PROBLEM: The answer is an exact repetition of every entry, with all images left out.

RECORDS SUPPLIED:
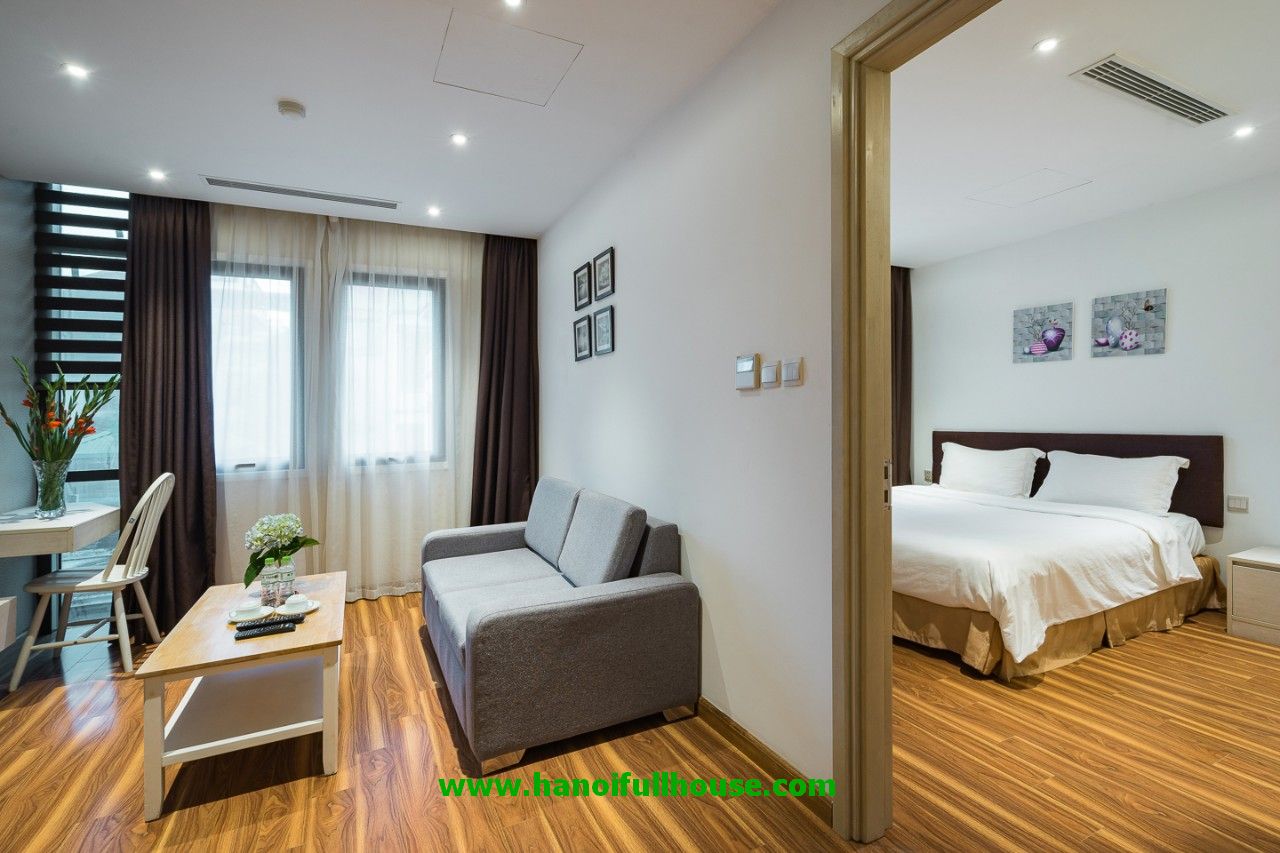 Elegant & modern 1 bedroom serviced apartment in Hoan Kiem district for rent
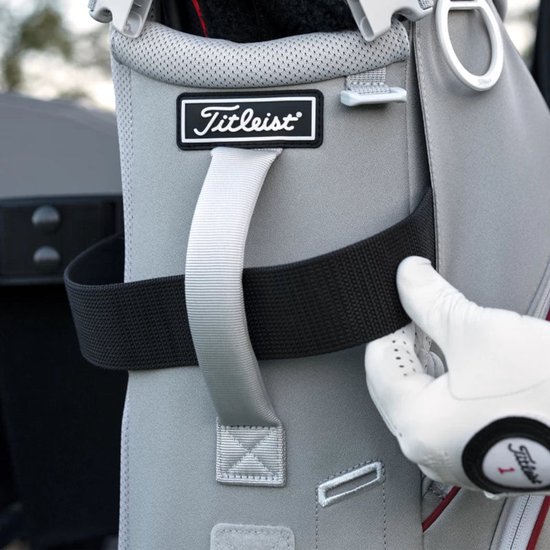 Titleist Players S4 Stadry standbag zwart rood van Titleist — afbeelding 2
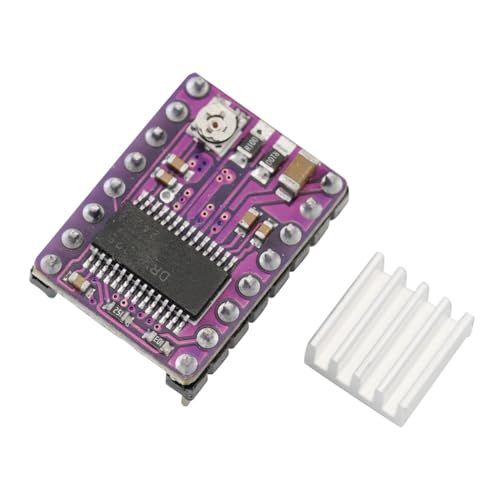 DEWOTHV DRV8825 Stepstick Schrittmotor-Treibermodul 8.2V-45V 2.5A mit Kühlkörper for 3D Drucker Zubehör RepRap RAMPS 1.4 (Pack of 3)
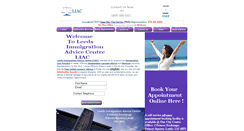 Desktop Screenshot of leedsimmigrationadvicecentre.com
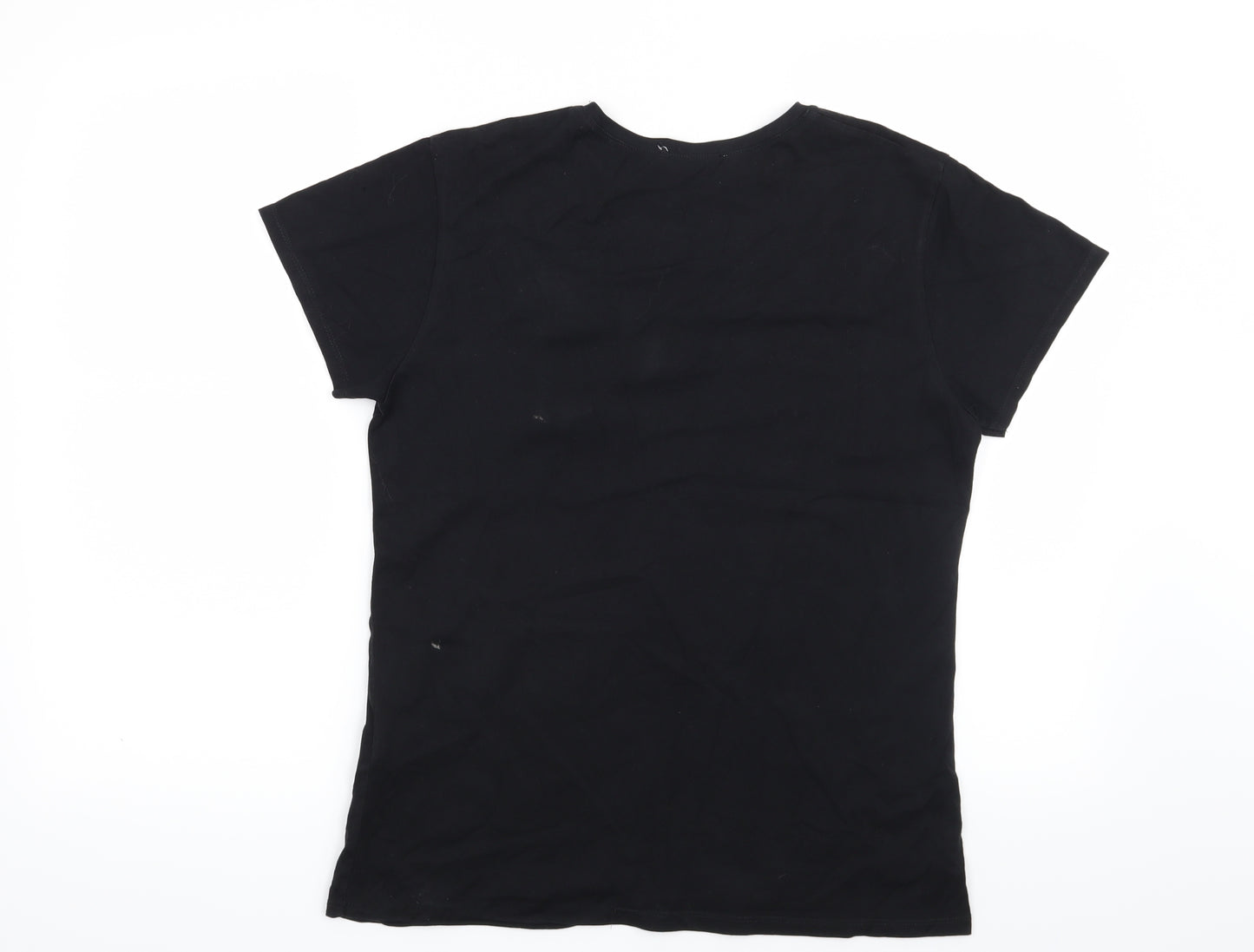 Zara Womens Black   Basic T-Shirt Size M  - Lobster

SOLUTION BELOW:
 Elegant & modern 1 bedroom serviced apartment in Hoan Kiem district for rent
 Titleist Players S4 Stadry standbag zwart rood van Titleist — afbeelding 2
 DEWOTHV DRV8825 Stepstick Schrittmotor-Treibermodul 8.2V-45V 2.5A mit Kühlkörper for 3D Drucker Zubehör RepRap RAMPS 1.4 (Pack of 3)
 Desktop Screenshot of leedsimmigrationadvicecentre.com
 Zara Womens Black   Basic T-Shirt Size M  - Lobster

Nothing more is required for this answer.